- [The task]:
Please keep to the lines below from the one with "Egyptian policemen stand" through the one with "Picture of a", and restate them word for word, ends included.

(Short descriptive text snippets)
┏━━

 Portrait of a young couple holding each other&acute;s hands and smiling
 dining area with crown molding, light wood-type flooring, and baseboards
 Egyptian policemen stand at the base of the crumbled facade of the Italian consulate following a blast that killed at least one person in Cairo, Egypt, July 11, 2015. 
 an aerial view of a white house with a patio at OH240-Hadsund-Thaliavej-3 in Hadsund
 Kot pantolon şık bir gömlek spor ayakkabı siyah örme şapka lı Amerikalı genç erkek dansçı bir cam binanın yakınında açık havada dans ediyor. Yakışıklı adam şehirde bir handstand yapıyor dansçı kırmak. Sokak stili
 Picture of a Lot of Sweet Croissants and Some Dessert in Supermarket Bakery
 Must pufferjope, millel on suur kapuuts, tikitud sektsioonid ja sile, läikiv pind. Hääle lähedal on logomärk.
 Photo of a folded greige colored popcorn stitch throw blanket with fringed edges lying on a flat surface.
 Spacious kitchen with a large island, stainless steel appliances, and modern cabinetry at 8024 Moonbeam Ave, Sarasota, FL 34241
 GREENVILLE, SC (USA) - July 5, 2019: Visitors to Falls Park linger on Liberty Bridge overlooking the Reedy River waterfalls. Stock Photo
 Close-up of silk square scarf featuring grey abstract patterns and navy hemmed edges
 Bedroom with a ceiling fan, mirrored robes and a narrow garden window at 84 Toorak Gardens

┗━━

- [Task answer]:
 Egyptian policemen stand at the base of the crumbled facade of the Italian consulate following a blast that killed at least one person in Cairo, Egypt, July 11, 2015. 
 an aerial view of a white house with a patio at OH240-Hadsund-Thaliavej-3 in Hadsund
 Kot pantolon şık bir gömlek spor ayakkabı siyah örme şapka lı Amerikalı genç erkek dansçı bir cam binanın yakınında açık havada dans ediyor. Yakışıklı adam şehirde bir handstand yapıyor dansçı kırmak. Sokak stili
 Picture of a Lot of Sweet Croissants and Some Dessert in Supermarket Bakery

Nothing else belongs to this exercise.